OpenAI launches new tools to help businesses build AI agents

On Tuesday, OpenAI released new tools designed to help developers and enterprises build AI agents — automated systems that can independently accomplish tasks — using the company’s own AI models and frameworks.

The tools are part of OpenAI’s new Responses API, which lets businesses develop custom AI agents that can perform web searches, scan through company files, and navigate websites, much like OpenAI’s Operator product. The Responses API effectively replaces OpenAI’s Assistants API, which the company plans to sunset in the first half of 2026.

The hype around AI agents has grown dramatically in recent years despite the fact that the tech industry has struggled to show people, or even define, what “AI agents” really are. In the most recent example of agent hype running ahead of utility, Chinese startup Butterfly Effect earlier this week went viral for a new AI agent platform called Manus that users quickly discovered didn’t deliver on many of the company’s promises.

In other words, the stakes are high for OpenAI to get agents right.

“It’s pretty easy to demo your agent,” Olivier Godement, OpenAI’s API product head, told TechCrunch in an interview. “To scale an agent is pretty hard, and to get people to use it often is very hard.”

Earlier this year, OpenAI introduced two AI agents in ChatGPT: Operator, which navigates websites on your behalf, and deep research, which compiles research reports for you. Both tools offered a glimpse at what agentic technology can achieve, but left quite a bit to be desired in the “autonomy” department.

Now with the Responses API, OpenAI wants to sell access to the components that power AI agents, allowing developers to build their own Operator- and deep research-style agentic applications. OpenAI hopes that developers can create some applications with its agent technology that feel more autonomous than what’s available today.

Using the Responses API, developers can tap the same AI models (in preview) under the hood of OpenAI’s ChatGPT Search web search tool: GPT-4o search and GPT-4o mini search. The models can browse the web for answers to questions, citing sources as they generate replies.

OpenAI claims that GPT-4o search and GPT-4o mini search are highly factually accurate. On the company’s SimpleQA benchmark, which measures the ability of models to answer short, fact-seeking questions, GPT-4o search scores 90% while GPT-4o mini search scores 88% (higher is better). For comparison, GPT-4.5 – OpenAI’s much larger, recently released model – scores just 63%.

The fact that AI-powered search tools are more accurate than traditional AI models is not necessarily surprising – in theory, GPT-4o search can just look up the right answer. However, web search does not render hallucinations a solved problem. Beyond their factual accuracy, AI search tools also tend to struggle with short, navigational queries (such as “Lakers score today”), and recent reports suggest that ChatGPT’s citations aren’t always reliable.

The Responses API also includes a file search utility that can quickly scan across files in a company’s databases to retrieve information. (OpenAI claims that it won’t train models on these files.) In addition, developers using the Responses API can tap OpenAI’s Computer-Using Agent (CUA) model, which powers Operator. The model generates mouse and keyboard actions, allowing developers to automate computer use tasks like data entry and app workflows.
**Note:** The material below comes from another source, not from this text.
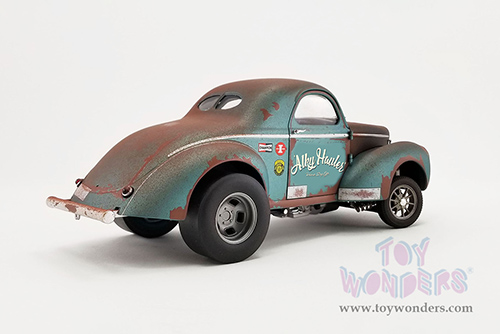 Acme - Pork Chop's Gasser - Alky Hauler (Weathered) (1941, 1/18 scale diecast model car, Green) A1800920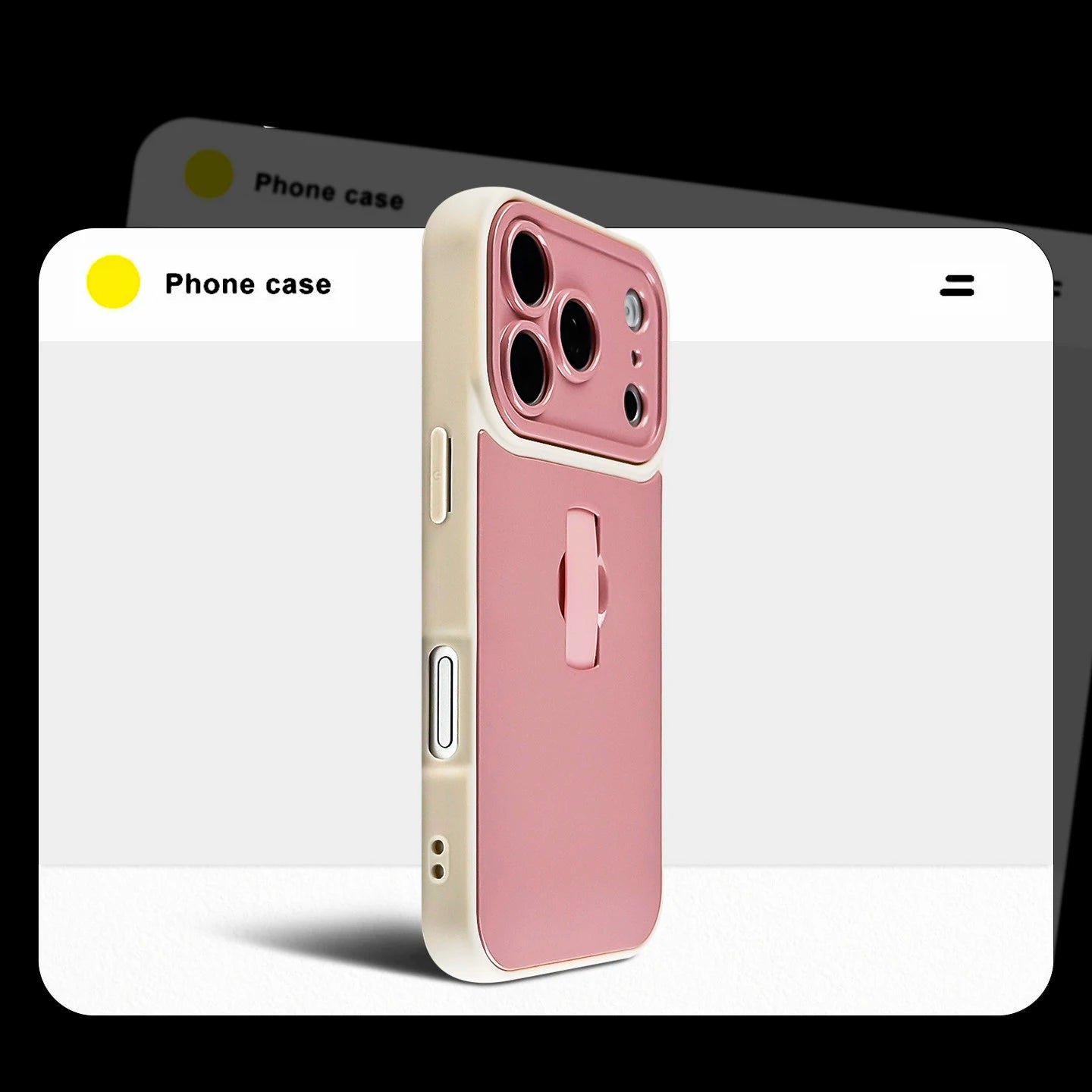 Luxury Grip Holder Hybrid Armor Case for iPhone 17 16 15 14 13 Pro Max Soft Silicone Shockproof Camera Protection INS Cover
Enterprises can optionally run the CUA model, which is releasing in research preview, locally on their own systems, OpenAI said. The consumer version of the CUA available in Operator can only take actions on the web.

To be clear, the Responses API won’t solve all the technical problems plaguing AI agents today.
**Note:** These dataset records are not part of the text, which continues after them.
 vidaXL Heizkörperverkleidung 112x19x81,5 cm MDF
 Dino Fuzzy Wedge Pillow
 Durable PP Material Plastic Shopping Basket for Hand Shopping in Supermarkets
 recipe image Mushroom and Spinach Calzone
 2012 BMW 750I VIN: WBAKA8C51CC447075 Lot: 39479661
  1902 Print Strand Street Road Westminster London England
While AI-powered search tools are more accurate than traditional AI models – a fact that is unsurprising given they can just look up the right answer – web search does not render AI hallucinations a solved problem. GPT-4o search still gets 10% of factual questions wrong. Beyond their accuracy, AI search tools also tend to struggle with short, navigational queries (such as “Lakers score today”), and recent reports suggest that ChatGPT’s citations aren’t always reliable.
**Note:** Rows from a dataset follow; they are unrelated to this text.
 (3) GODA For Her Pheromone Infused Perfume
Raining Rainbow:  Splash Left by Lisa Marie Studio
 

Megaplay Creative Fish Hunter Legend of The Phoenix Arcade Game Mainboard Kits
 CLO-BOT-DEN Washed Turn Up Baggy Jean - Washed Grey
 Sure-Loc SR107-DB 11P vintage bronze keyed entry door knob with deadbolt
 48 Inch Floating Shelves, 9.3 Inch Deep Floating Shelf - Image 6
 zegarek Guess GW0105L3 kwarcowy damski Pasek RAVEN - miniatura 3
In a blog post provided to TechCrunch, OpenAI said that the CUA model is “not yet highly reliable for automating tasks on operating systems,” and that it’s susceptible to making “inadvertent” mistakes.

However, OpenAI said these are early iterations of their agent tools, and it’s constantly working to improve them.

Alongside the Responses API, OpenAI is releasing an open-source toolkit called the Agents SDK, which offers developers free tools to integrate models with their internal systems, put in place safeguards, and monitor AI agent activities for debugging and optimization purposes. The Agents SDK is a follow-up of sorts to OpenAI’s Swarm, a framework for multi-agent orchestration that the company released late last year.

Godement said he hopes OpenAI can bridge the gap between AI agent demos and products this year, and that, in his opinion, “agents are the most impactful application of AI that will happen.” That echoes a proclamation OpenAI CEO Sam Altman made in January: that 2025 is the year AI agents enter the workforce.